OCR Letter: The Naropa Institute

Mr. John Cobb
President
The Naropa Institute
2130 Arapahoe Ave
Boulder, Colorado 80302
Complaint No. 08-93-2041

The U.S. Department of Education, Off ice for Civil Rights (OCR), has completed its investigation of the complaint filed against The Naropa Institute (Institute). The investigation was conducted pursuant to Section 504 of the Rehabilitation Act of 1973, 29 U.S.C. Section 794 (Section 504), and its implementing regulation, Title 34, Code of Federal Regulations (C.F.R.), Part 104, which prohibit discrimination on the basis of disability. The Institute is a private post-secondary institution which offers graduate and undergraduate degrees in the arts, social sciences and humanities. It is a recipient of Federal financial assistance from the Department and is, therefore, subject to the requirements of Section 504. However, because it is a private institution, OCR has no jurisdiction over the Institute under Title II of the Americans with Disabilities Act of 1990.

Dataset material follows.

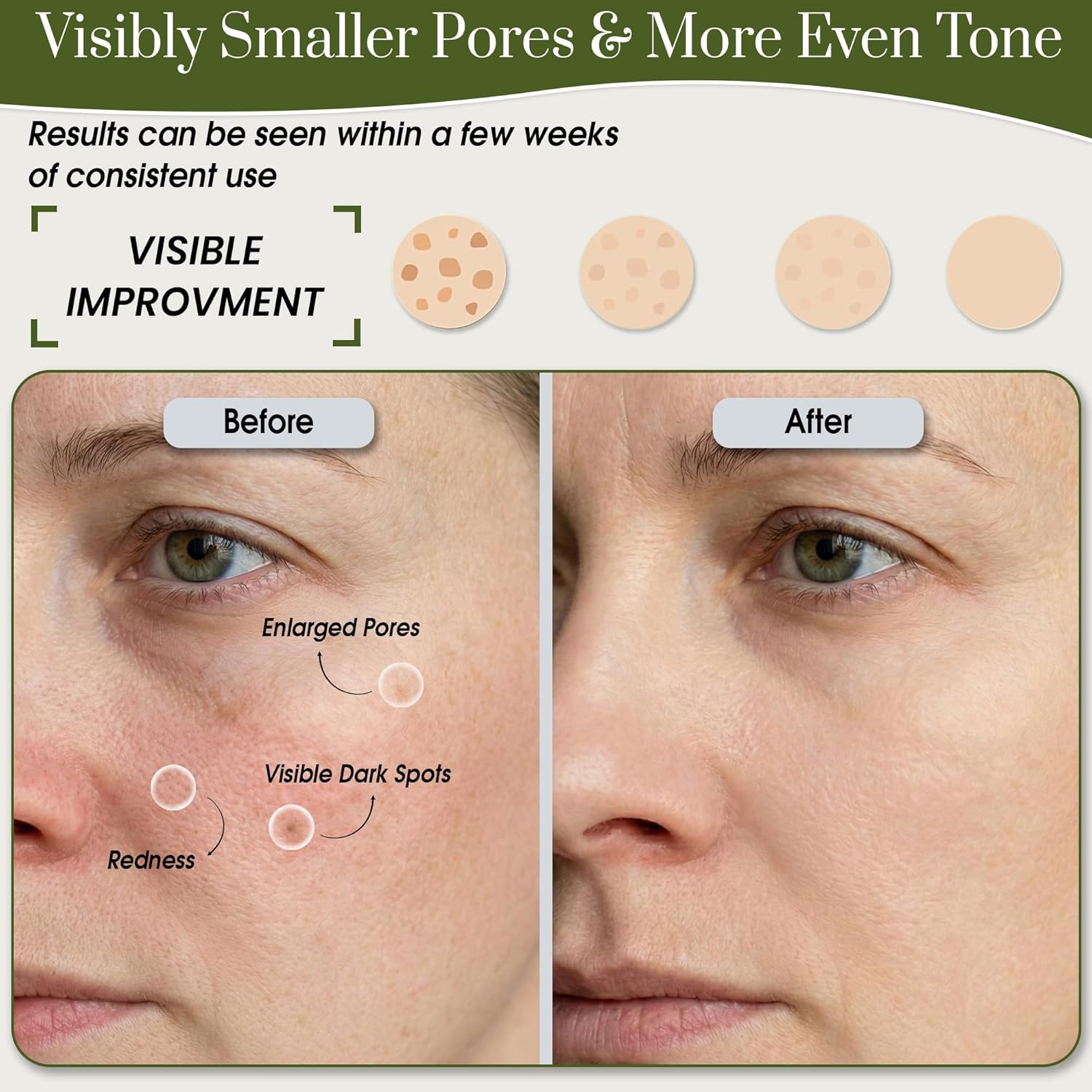 GLAMITUDE Niacinamide 10% & Zinc Serum &ndash; Pore Refining & Brightening Face Serum for Oily Skin, Uneven Tone & Dark Spots &ndash; Lightweight Daily Skincare Treatment &ndash; 30Ml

The complainant, who is deaf, has been enrolled as an undergraduate in the Institute's Environmental Studies program since fall 1992. She alleged that the Institute denied her auxiliary aids necessary for her to pursue her academic career. Specifically, she alleged that the Institute denied her request for an interpreter for an Institute-sponsored field trip. During the course of our investigation, because of materials provided by the Institute and statements by interviewees, we also investigated: 1) whether the Institute has a grievance procedure that incorporates due process standards and provides for the prompt and equitable resolution of complaints; 2) whether the Institute identified its Section 504 Coordinator to participants, beneficiaries, applicants, and employees.
OCR's investigation included a review and analysis of the Institute's policies and procedures regarding the provision of auxiliary aids to students with disabilities, and a review of grievance procedures and notices of nondiscrimination. OCR conducted interviews with the complainant and Institute personnel. Based on the available evidence, we have concluded that the Institute is in violation of 34 C.F.R. § 104.44(d)(1), 34 C.F.R. § 104.7(b), 34 C.F.R. § 106.8(b), and 34 C.F.R. § 104.8. The factual and legal bases for our determination are set forth below.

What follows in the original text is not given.